• _WHAT IS BEING ASKED_: Only the lines below from the one containing "Man holding cardboard box of food" through the last line should be set down, exactly as written and with no pictures.

• _EXCERPTED RECORDS_:
──────

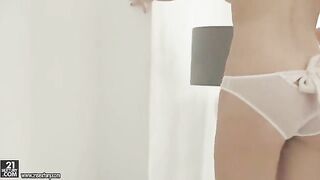 A blonde skinny teen masturbates her hairy pussy with passion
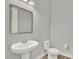Pedestal sink in a powder room with modern fixtures, toilet, and wood-look flooring at 14826 Deaton Aly, Orlando, FL 32827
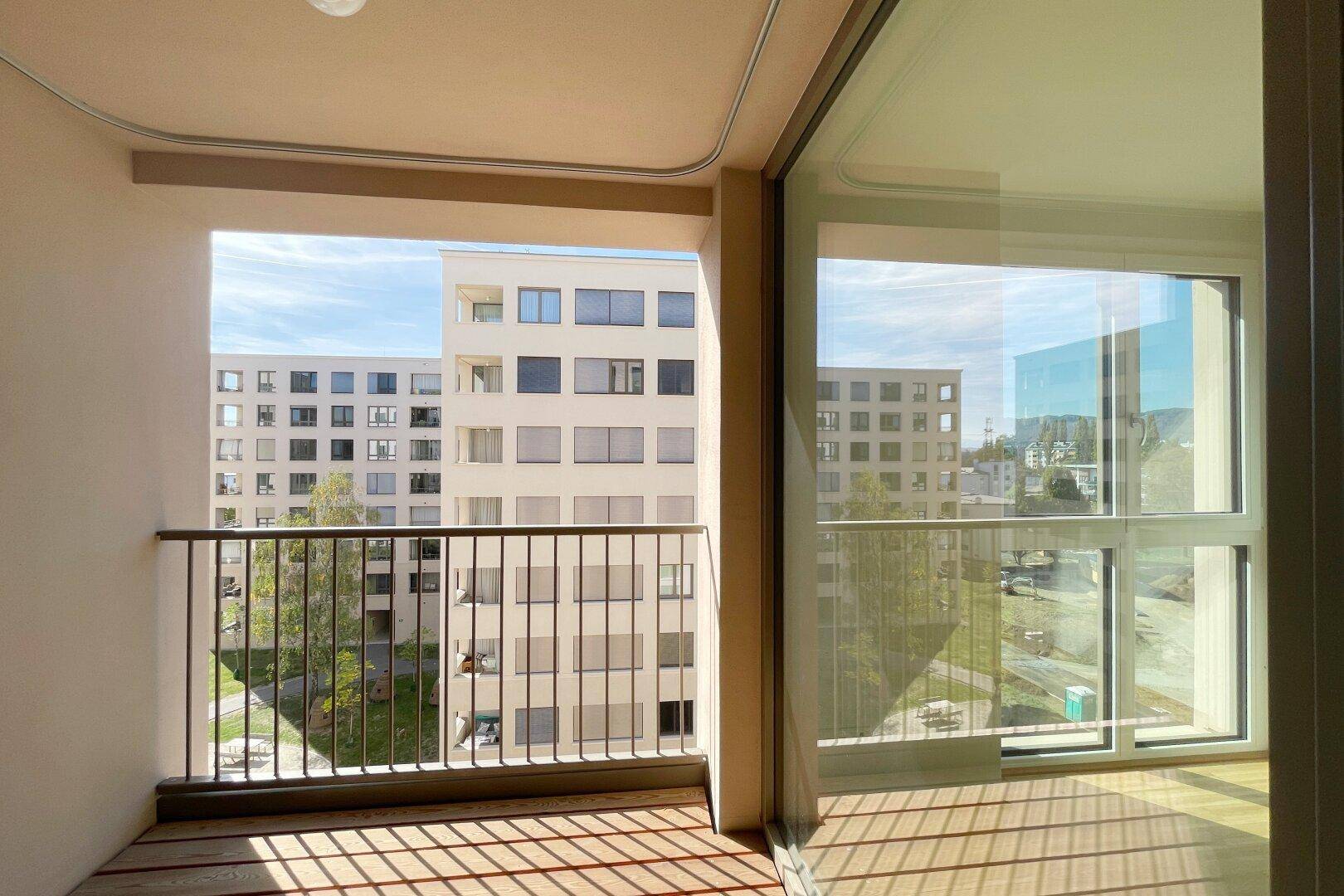 Blick vom Balkon auf die umliegenden modernen Wohngebäude und den grünen Innenhof.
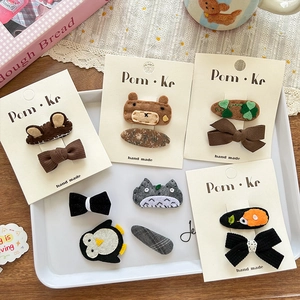 Barrettes à cheveux faites main motif ours et pingouin sur plateau d'exposition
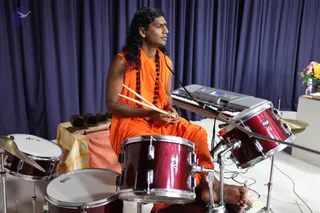 A man in orange saffron robes and a long rudraksha mala sits behind a red drum kit, holding two drumsticks over the drums. Long dark hair falls past his shoulders. A keyboard sits behind him on a white table with a small wooden percussion instrument set and a yellow and pink flower arrangement. A navy blue curtain forms the backdrop, and a microphone stand is nearby. Swamiji (probable): long swept-back hair, orange saffron clothing and rudraksha beads match the page's Swamiji-at-event note, so the person is an appearance-based candidate for Swamiji seated at the drums.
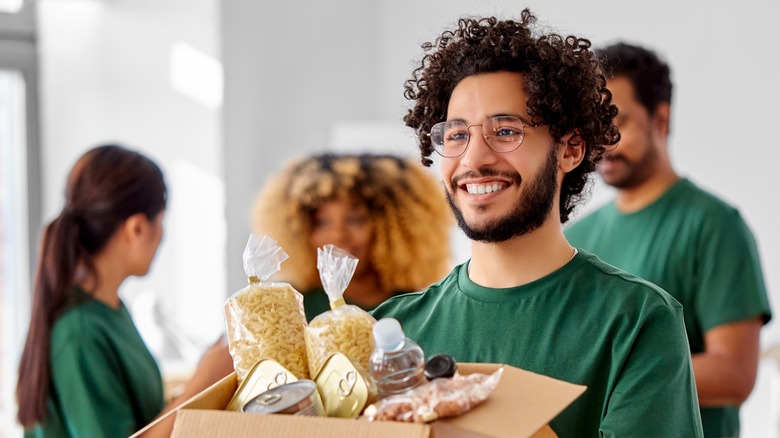 Man holding cardboard box of food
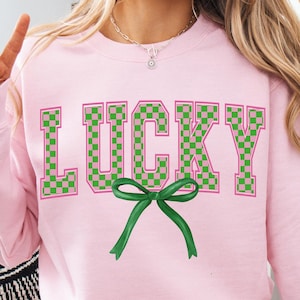 May include: A pink sweatshirt with the word "LUCKY" printed in green and pink checkered letters. A green bow is centered below the word.
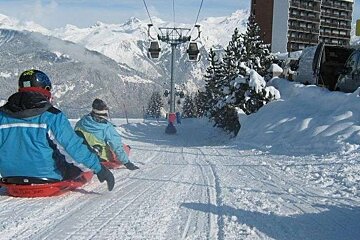 A group of people are sledding down a snow covered slope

──────

• _TASK SOLUTION_:
 Man holding cardboard box of food
 May include: A pink sweatshirt with the word "LUCKY" printed in green and pink checkered letters. A green bow is centered below the word.
 A group of people are sledding down a snow covered slope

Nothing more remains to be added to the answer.